The end goal of all this transition and change is to implement regional strategic AIs into the transportation sector to augment the planning process. These could begin by simply making suggestions, providing data and analysis on demand, and processing a real-time model of the network using all the data the agency has available from both passive and active collection. And who knows what the future of these AIs will bring? Like the AlphaGo programs, they may come up with strategies that human designers would never have considered. They could operate on a higher level of understanding, like a child playing chess with an adult, and we may just have to trust in decisions we don’t understand. But with enormous, global problems like climate change around the corner, strategic AI may be the only enormous, global solution we have.
AlphaGo & AlphaGo Zero
Ancient Chinese board game Go is known as the most challenging classical game for artificial intelligence because of its complexity. It involves multiple layers of strategic thinking as players place their own black or white stones on a board to surround and capture their opponents’. While this seems relatively simple, there are 10 to the power of 170 possible board configurations - more than the number of atoms in the known universe – which makes Go a googol times more complex than chess.
AlphaGo is the first computer program to defeat a professional human Go player, the first to defeat a Go world champion, and is arguably the strongest Go player in history. It combines advanced search tree with deep neural networks, which take a description of the Go board as an input and process it through a number of different network layers containing millions of neuron-like connections.

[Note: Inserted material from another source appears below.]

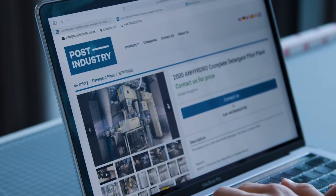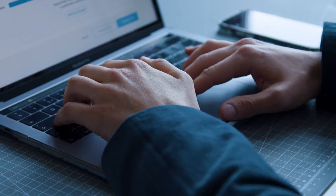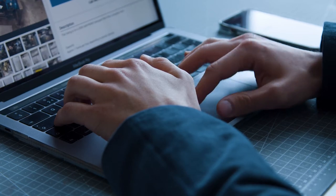My name is Barnaby Lambert and I run Post Industry. Machinery Host first got in touch with me in 2018. It was Manuel Block, the name of the representative, who first reached out and he pitched me an incredibly compelling product that would allow me to produce a website from the inventory that their company already had.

AlphaGo learnt the game by playing thousands of matches with amateur and professional players. But a more advanced version, AlphaGo Zero, learnt by playing against itself, starting from completely random play – and accumulating thousands of years of human knowledge in a few days. It replaced hand-crafted rules with a deep neural network and algorithms that knew nothing beyond the basic rules. Its creative response and ability to master complex games demonstrates that a single algorithm can learn how to discover new knowledge in a range of settings.